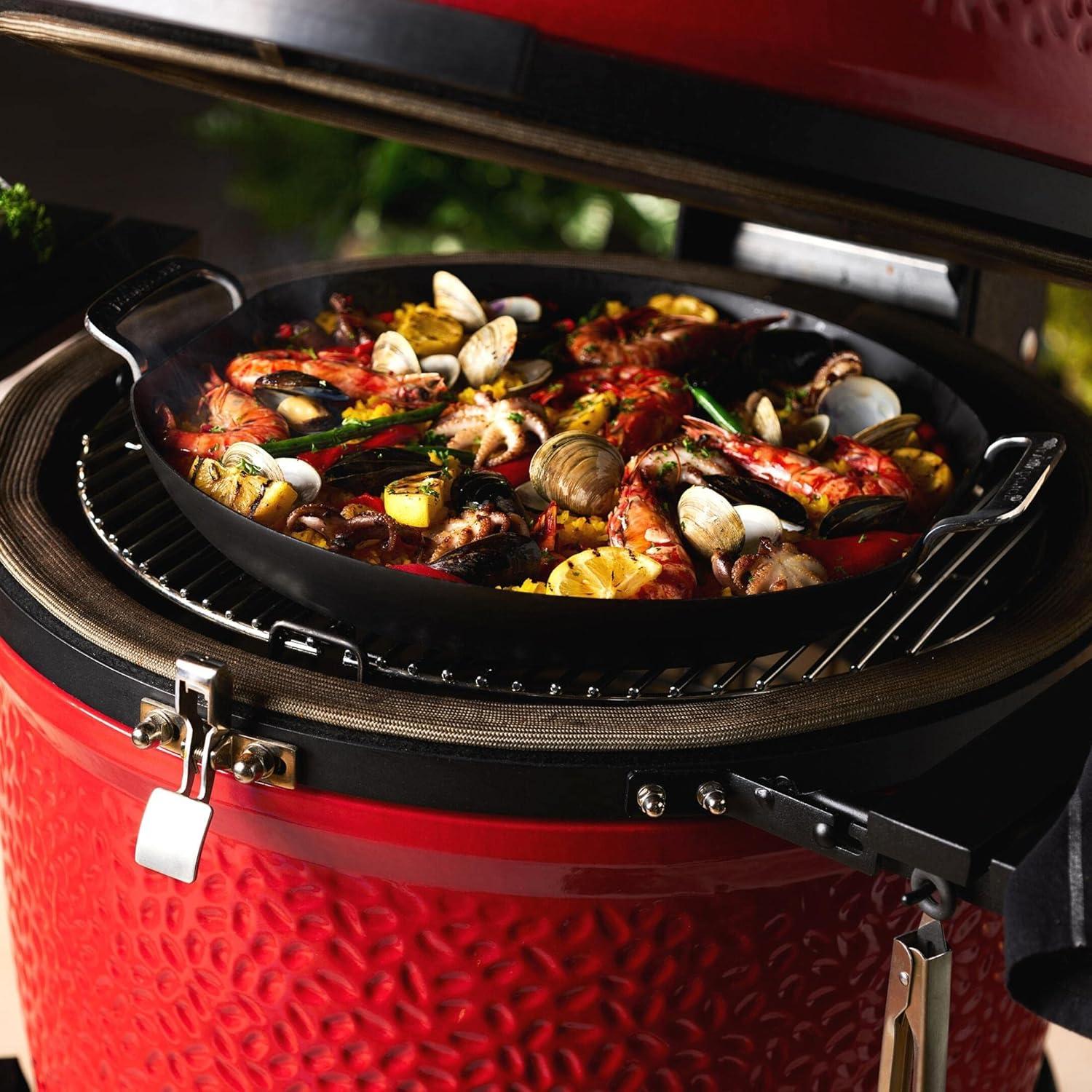 Karbon Steel™ Carbon Steel Paella Pan for Classic Joe™ and Big Joe™ Grills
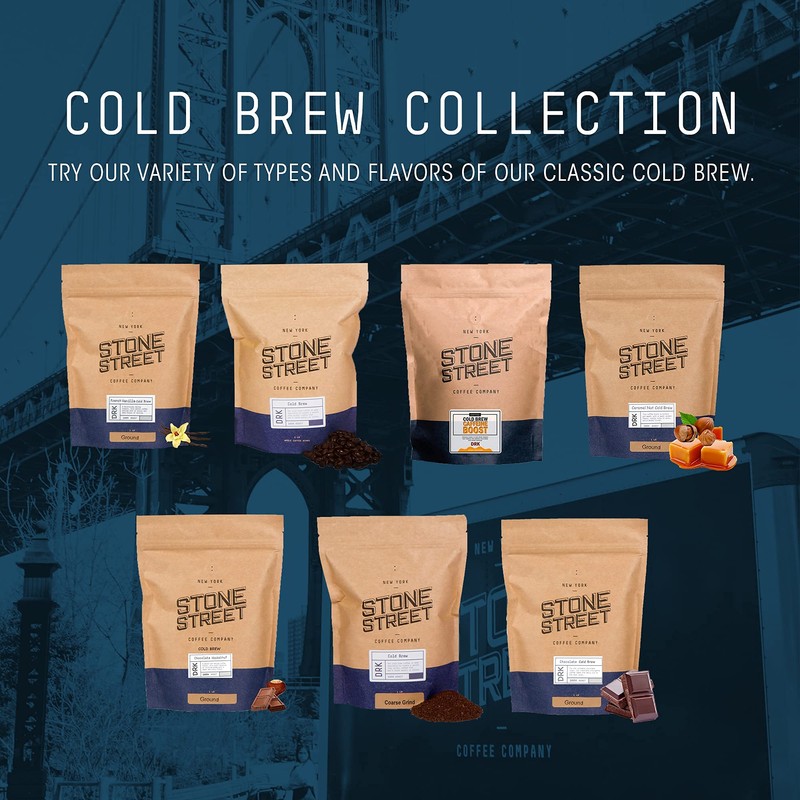 Stone Street Cold Brew Coffee, Strong & Smooth Blend, Low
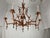 1960s Whimsical Chinoiserie Faux Bamboo Monkey Chandelier With Black Teardrop Accents For Sale - Image 11 of 16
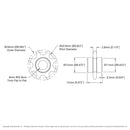 ServoCity 8mm Pitch Press-Fit Pinion Sprocket (8mm REX™ Bore, 8 Tooth) - 2 Pack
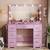 Vanity Desk with 38" Large Mirror and 9 LED Lights, Adults Makeup Vanity with 7  4 thumbnail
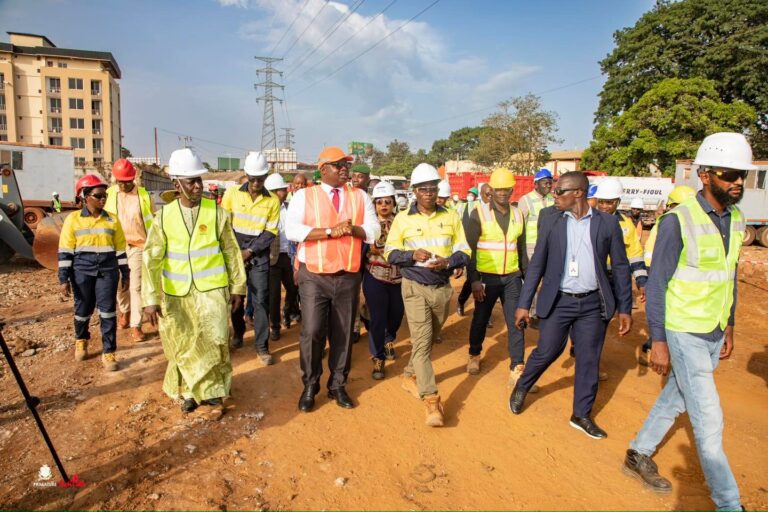 Guinée: Le PM visite le chantier de construction du parc citoyen de Conakry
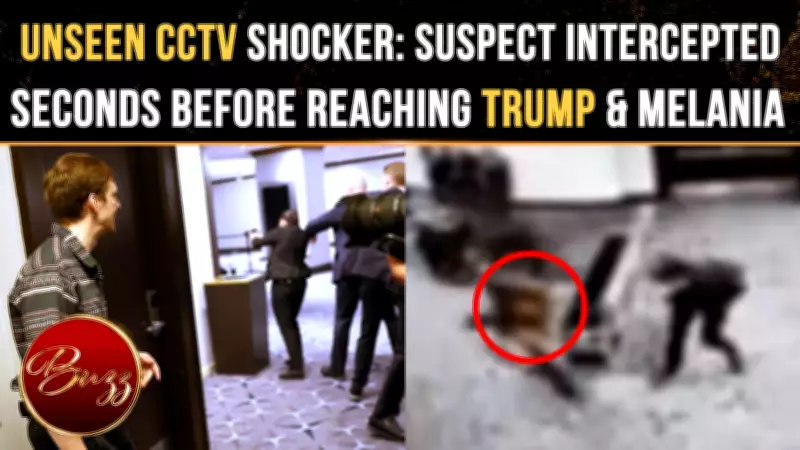 Secret Service Stops Man Moving Toward Trump at DC Dinner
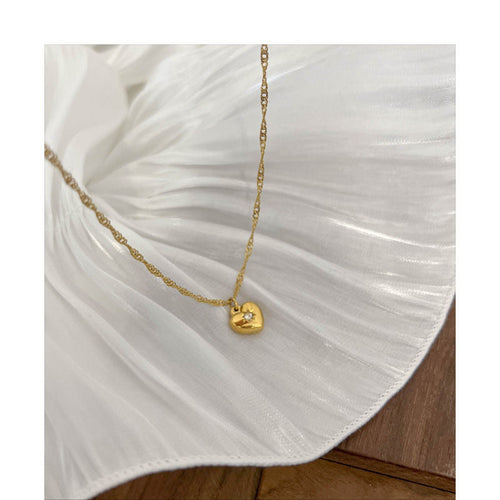 Celestial Heart Gold Twist Necklace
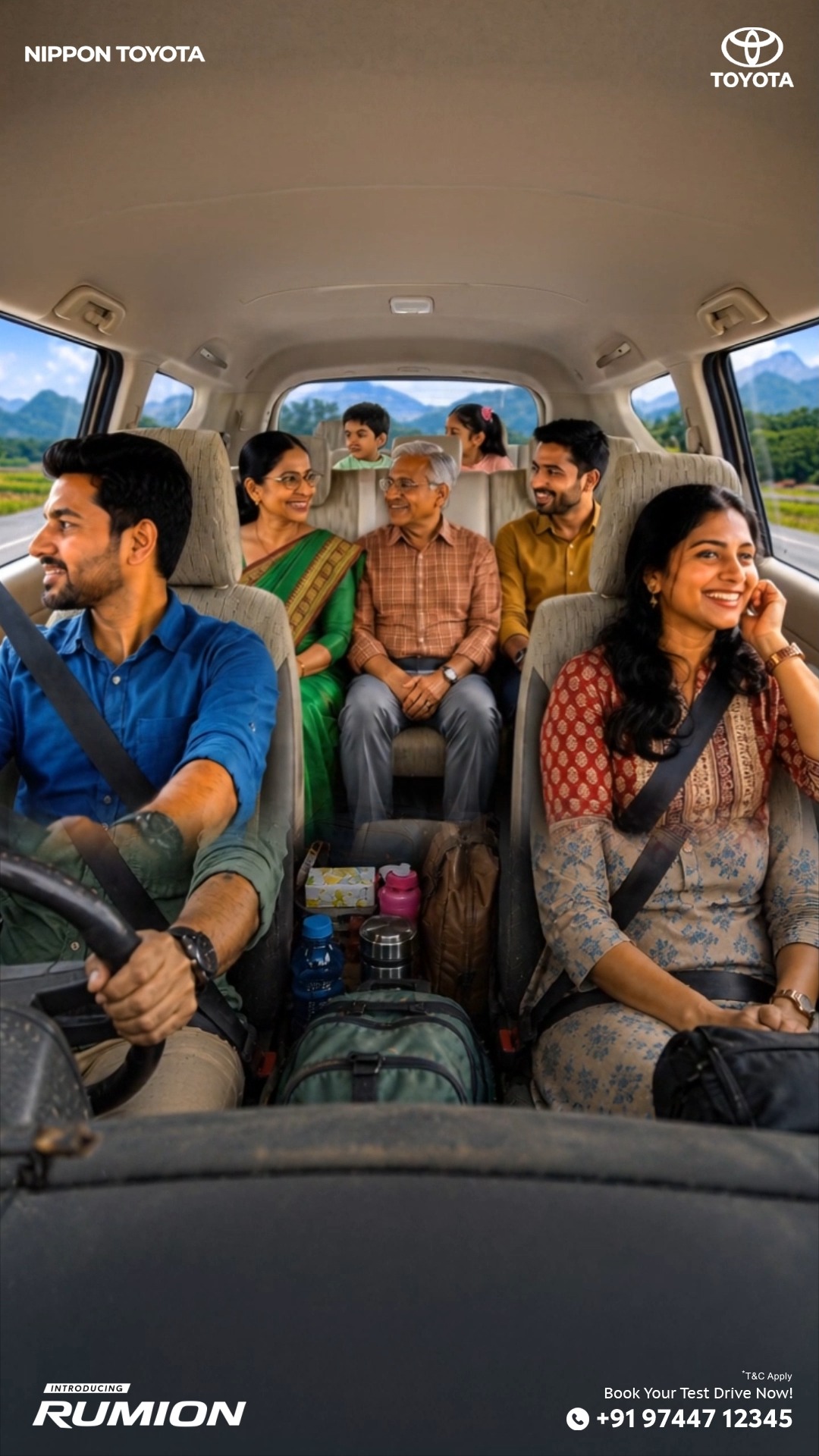 More space for people. More space for memories. 🚘 The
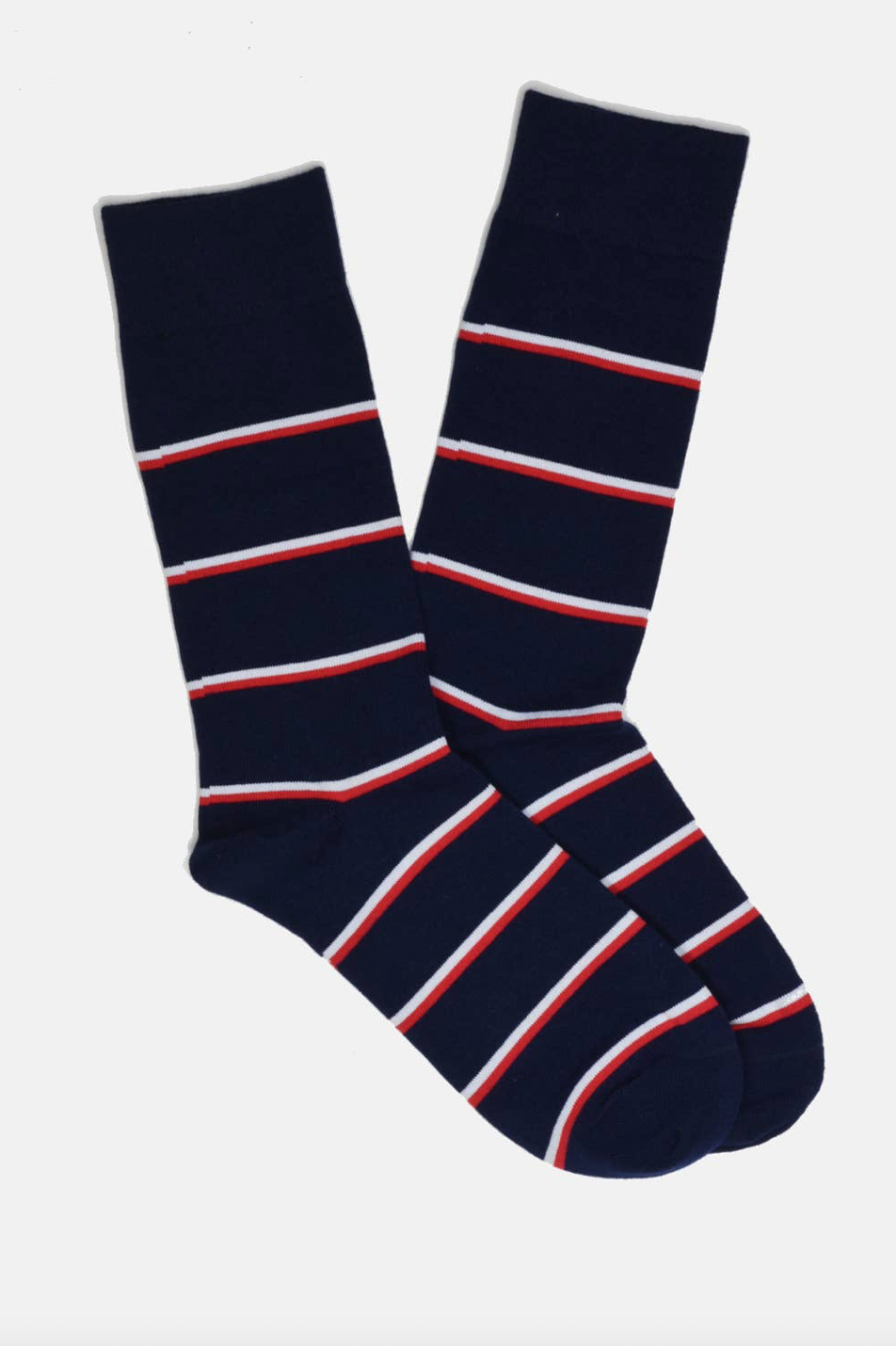 Striped Socks - RED/WHITE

* What is expected
Where a picture appears, omit it, and otherwise retype the material exactly.

* Answer section
 Karbon Steel™ Carbon Steel Paella Pan for Classic Joe™ and Big Joe™ Grills
 Stone Street Cold Brew Coffee, Strong & Smooth Blend, Low
 1960s Whimsical Chinoiserie Faux Bamboo Monkey Chandelier With Black Teardrop Accents For Sale - Image 11 of 16
 ServoCity 8mm Pitch Press-Fit Pinion Sprocket (8mm REX™ Bore, 8 Tooth) - 2 Pack
 Vanity Desk with 38" Large Mirror and 9 LED Lights, Adults Makeup Vanity with 7  4 thumbnail
 Guinée: Le PM visite le chantier de construction du parc citoyen de Conakry
 Secret Service Stops Man Moving Toward Trump at DC Dinner
 Celestial Heart Gold Twist Necklace
 More space for people. More space for memories. 🚘 The
 Striped Socks - RED/WHITE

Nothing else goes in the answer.